[Stored items from a collection]
....................

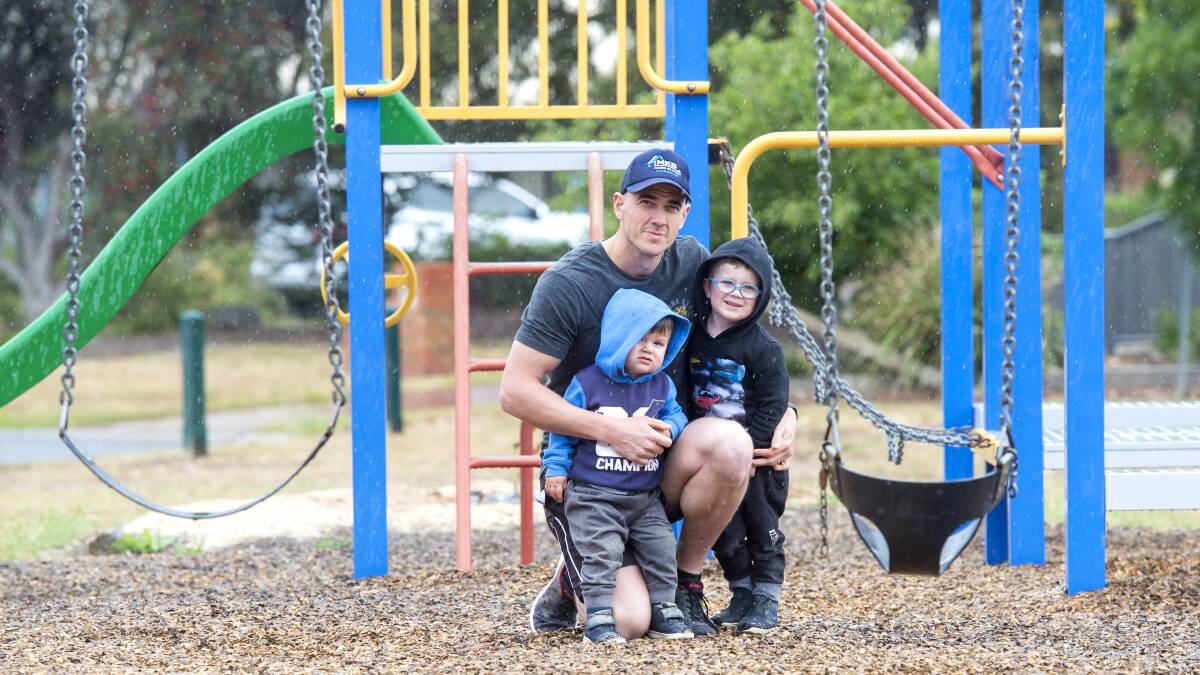 Lachlan O'Toole with his sons Cooper and Ollie at the Melbury Court playground. Picture: DARREN HOWE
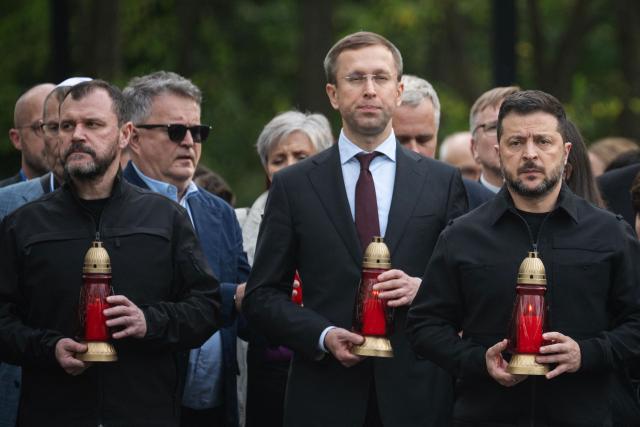 President of Ukraine Volodymyr Zelensky (R), Prime Minister of Ukraine Sergey Koretsky (C) and Secretary of the National Security and Defense Council of Ukraine Igor Klymenko (L) hold candles as they take part in a memorial ceremony at the Babyn Yar National Historical and Memorial Reserve to honor the victims of the mass execution of civilians by the Nazis during World War II, in Kyiv on October 6, 2026, amid the Russian invasion of Ukraine. (Photo by Genya SAVILOV / AFP)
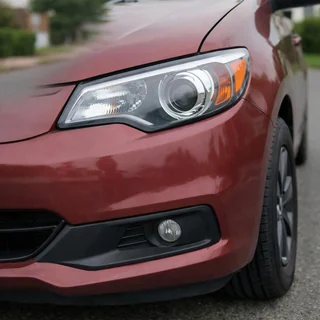 Close-up of a red car's headlight and bumper, the rest of the car cut off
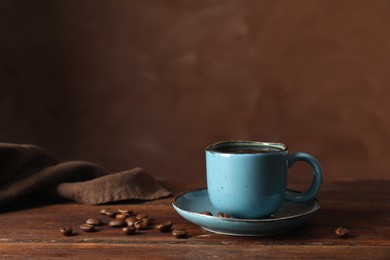 Photo of Turkish coffee. Freshly brewed beverage and beans on wooden table against brown background, space for text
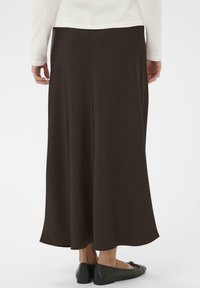 Bruine, vloeiende maxi rok gemaakt van een soepele stof, met een volle silhoët en een zoom die net boven de enkels valt. Zwarte ballerina's zijn zichtbaar.
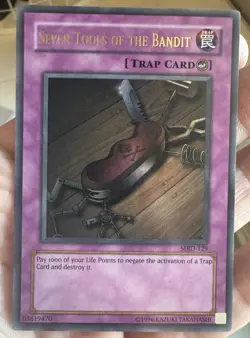 Konami Yu-Gi-Oh! Seven Tools of the Bandit MRD-129 Metal Raiders Trap ENG - Image 1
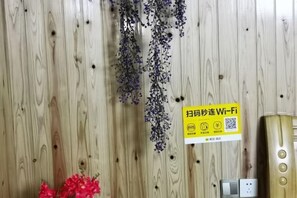 A wooden wall with a sign indicating Wi-Fi availability, a power outlet, and a decorative plant.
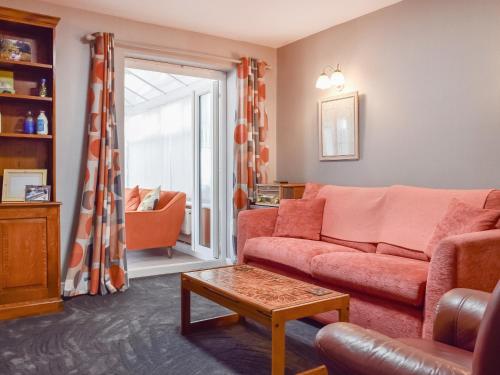 a living room with a couch and a table at Pinecote in Bottesford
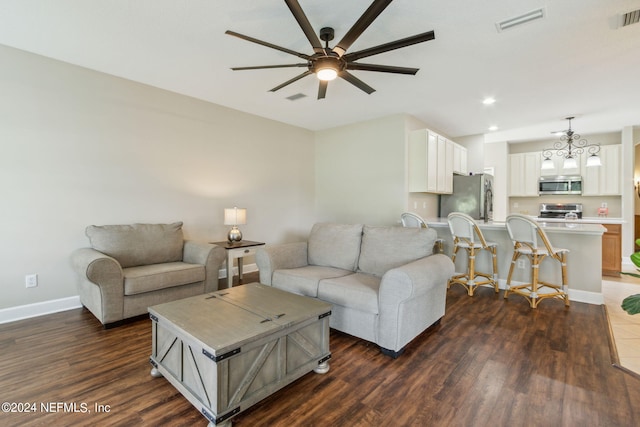 living room with ceiling fan with notable chandelier and dark wood-type flooring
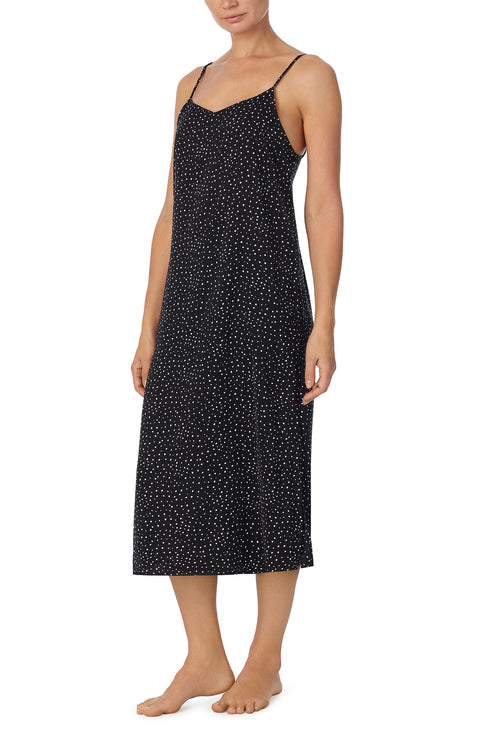 A lady wearing black sleeveless addison maxi slip with on the dot print.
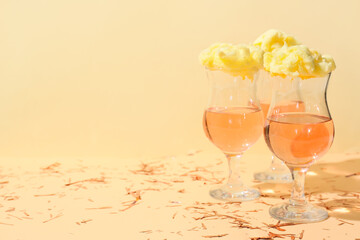Glasses with delicious cotton candy cocktail and confetti on color background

....................

## WHAT YOU NEED TO DO
Repeat every record above exactly, but drop the pictures.

## SOLVED EXERCISE
 Lachlan O'Toole with his sons Cooper and Ollie at the Melbury Court playground. Picture: DARREN HOWE
 President of Ukraine Volodymyr Zelensky (R), Prime Minister of Ukraine Sergey Koretsky (C) and Secretary of the National Security and Defense Council of Ukraine Igor Klymenko (L) hold candles as they take part in a memorial ceremony at the Babyn Yar National Historical and Memorial Reserve to honor the victims of the mass execution of civilians by the Nazis during World War II, in Kyiv on October 6, 2026, amid the Russian invasion of Ukraine. (Photo by Genya SAVILOV / AFP)
 Close-up of a red car's headlight and bumper, the rest of the car cut off
 Photo of Turkish coffee. Freshly brewed beverage and beans on wooden table against brown background, space for text
 Bruine, vloeiende maxi rok gemaakt van een soepele stof, met een volle silhoët en een zoom die net boven de enkels valt. Zwarte ballerina's zijn zichtbaar.
 Konami Yu-Gi-Oh! Seven Tools of the Bandit MRD-129 Metal Raiders Trap ENG - Image 1
 A wooden wall with a sign indicating Wi-Fi availability, a power outlet, and a decorative plant.
 a living room with a couch and a table at Pinecote in Bottesford
 living room with ceiling fan with notable chandelier and dark wood-type flooring
 A lady wearing black sleeveless addison maxi slip with on the dot print.
Glasses with delicious cotton candy cocktail and confetti on color background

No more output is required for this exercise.